If the linear map is fully PTE-mapped (as per
arch_has_pte_only_direct_map()), there is no need to introduce extra
state - the functions above directly call into the buddy allocator
and set the pkey for the given page.

Such an approach is however insufficient when block mappings are
used, because setting the pkey for individual pages is likely to
result in blocks getting split up: for a PMD block, (1 << PMD_ORDER)
PTEs are created, and the pkey is then set in the appropriate PTE.
This is doubly expensive: 1. a new PTE page must be allocated and
the entries updated accordingly; and 2. TLB pressure increases due
to the additional entries.

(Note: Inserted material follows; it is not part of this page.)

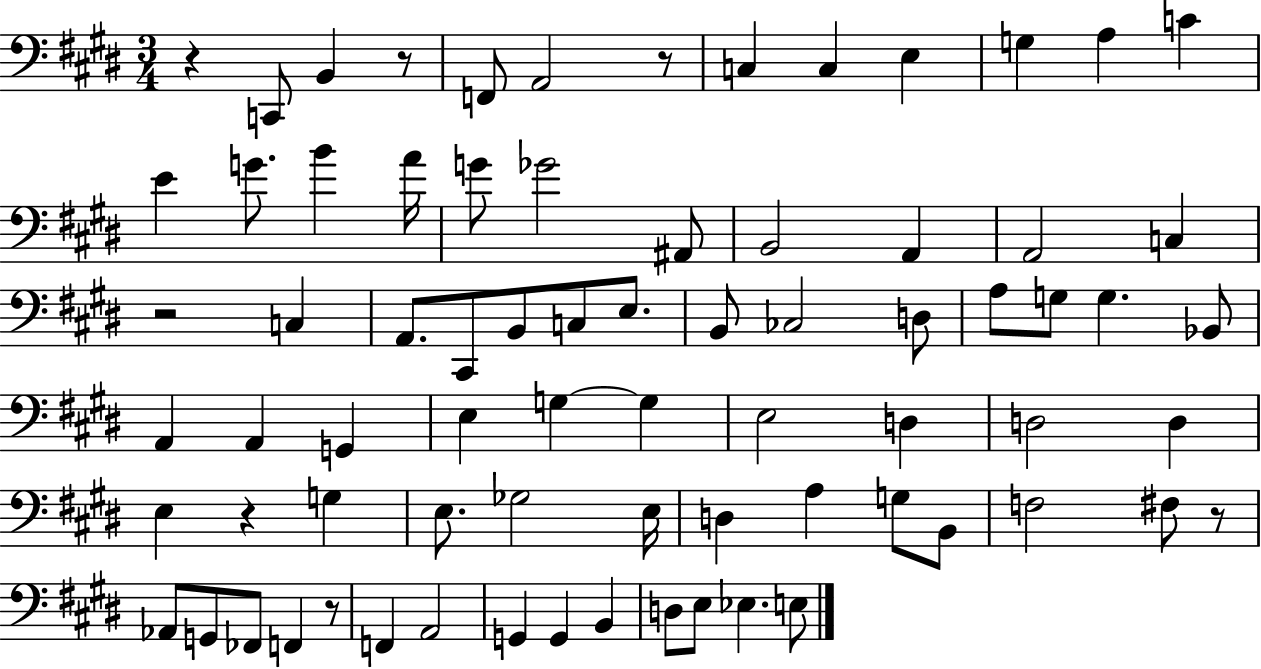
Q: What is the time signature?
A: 3/4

Worse still, 1. is likely to be
recursive, as allocating a new PTE page with the appropriate pkey
could in turn require splitting a PMD.

This patch introduces a simple allocator for this specific use-case.
All PTPs are allocated from a global pool mapped with
KPKEYS_PKEY_PGTABLES; the pool is refilled with whole blocks if
possible (setting the pkey at PMD level). This greatly reduces the
number of blocks getting split - splitting should only occur under
memory pressure.

Important limitations:

* Special handling is required when refilling the cache, since
  set_memory_pkey() may split a PUD/PMD block, requiring a new
  PMD/PTE page to be allocated. This will be addressed in subsequent
  patches.

* Cached pages should be reclaimable under memory pressure. This
  will also be handled in a later patch.

* Only PTP allocations of order 0 and a small set of GFP flags
  (PBA_GFP_OPT_MASK) are supported. That should be good enough to
  cover the architectures that support pkeys (arm64, x86, powerpc).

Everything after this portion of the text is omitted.